2011 yılından bu yana Mansur Yavaş hakkında eleştiri yazısı yazan bir kişiyim. Bu seçim dönemi de onun hakkındaki yazıları sıklaştırdığım ve seçimlerden sonra eleştirilerimi sosyal medya hesabımdan devam ettirdiğim için bana “Mansur Yavaş’a bu özel takıntının sebebi nedir?” diye soruyorlar. Kendisiyle MHP Genel Merkezi özel kalem bekleme salonunda yüz yüze gelmekten başka hiçbir tanışıklığım yoktur. O zamanda MHP Ankara Büyükşehir Belediye Başkan adayı olduğu günlerdi. Yani özel bir takıntım yok ama MHP Lideri Sayın Devlet Bahçeli’ye geçmişte yazdığı o meşhur mektuptan sonra özel takibim vardır. Hatta o yıllarda ilk eleştiri yazımı “Mansur Yavaş O Mektubu Kime Yazdırdın?” başlığıyla yazmıştım. Mansur Yavaş öyle bir mektup yazmıştı ki, MHP ve Ülkücü Hareketle ideolojik bir bağının olmadığını, iradesini başkasının kullandığını o günlerde anlamıştım. O günlerin atmosferini hatırlarsanız o mektubun bir FETÖ kalemi ve zihniyle yazıldığını anlarsınız. Zaten iddiada odur ki, mektubu kaleme alan FETÖ’den tutuklu Mümtazer Türköne idi. Diğer bir iddiada zaten Mansur Yavaş’ı 2014 yılında CHP’ye götüren kişi de Mümtazer Türköne idi. Bu iddiaların hiçbiri zaten muhatabı tarafından da yalanlanmadı. Belki Mansur Yavaş’ın danışmanı Servet Avcı bu konuda bir açıklama yapmak ister !
Mansur Yavaş o buram buram FETÖ kokan mektubunu MHP Genel Merkezi’ne gönderdiğinde MHP Lideri Sayın Devlet Bahçeli mektubu okur okumaz telefonla Mansur Yavaş’ı arayıp “Mansur bey, bu mektubun tamamını Zaman gazetesi ve benzeri gazetelerde yayınlatın. Oralara tam yakışır” diyerek fırça atmıştı.
Mansur Yavaş o mektubunda, o günlerde FETÖ hangi görüşü savunuyor ve mücadelesini veriyorsa onları mektubun içeriği yapmıştı.
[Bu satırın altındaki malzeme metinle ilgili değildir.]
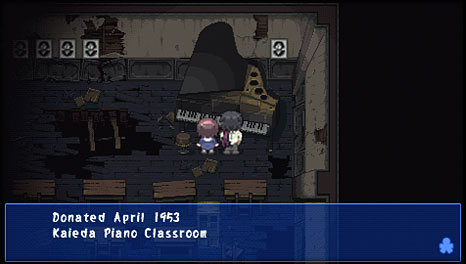 Corpse Party Screenshot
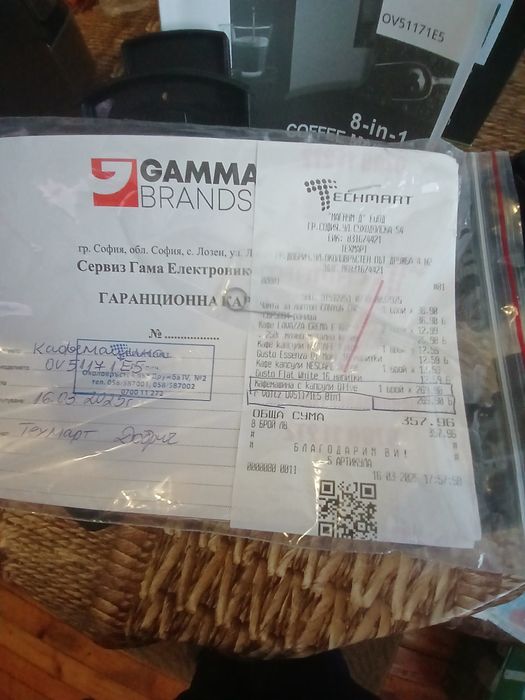 Кафе машина  VOITZ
FETÖ’nün çok önemsediği 12 Eylül 2010 referandumu için “Millet iradesinin önemli bir bölümüne elitist bir yaklaşımla adeta tepeden bakan, referandumda evet oyu kullanmış yüzde 58’lik bir kitleyi neredeyse yok sayan, bütün programını hayır oyu kullananlar üzerine yapan ve bunu açıkça ilan eden bir anlayışla sonuç almamız mümkün gözükmemektedir.” Diyor ve “Ülkücü harekete yabancı dar bir kadronun elinden çıkan politikalarla “CHP’yle özdeş parti” suçlamalarına çanak tutan bir anlayış sergilenmiştir.” Suçlamalarıyla çok yüksek perdeden eleştiriler yapıyordu. Bugün terör örgütü pkk ve siyasi uzantısı HDP ile kol kola olan CHP’den HDP destekli bir belediye başkanı olarak seçildi, sesi çıkmıyor ama o mektubunda terörle mücadelenin sembol ismi Engin Alan’a “cuntacı oluşumlarda yer aldığı iddiasıyla hakkında davaların devam ettiği isimlerin ön plana çıkarılması kamuoyunda ciddi kuşkular uyandırmıştır.” cümlesiyle karşı çıkmıştı.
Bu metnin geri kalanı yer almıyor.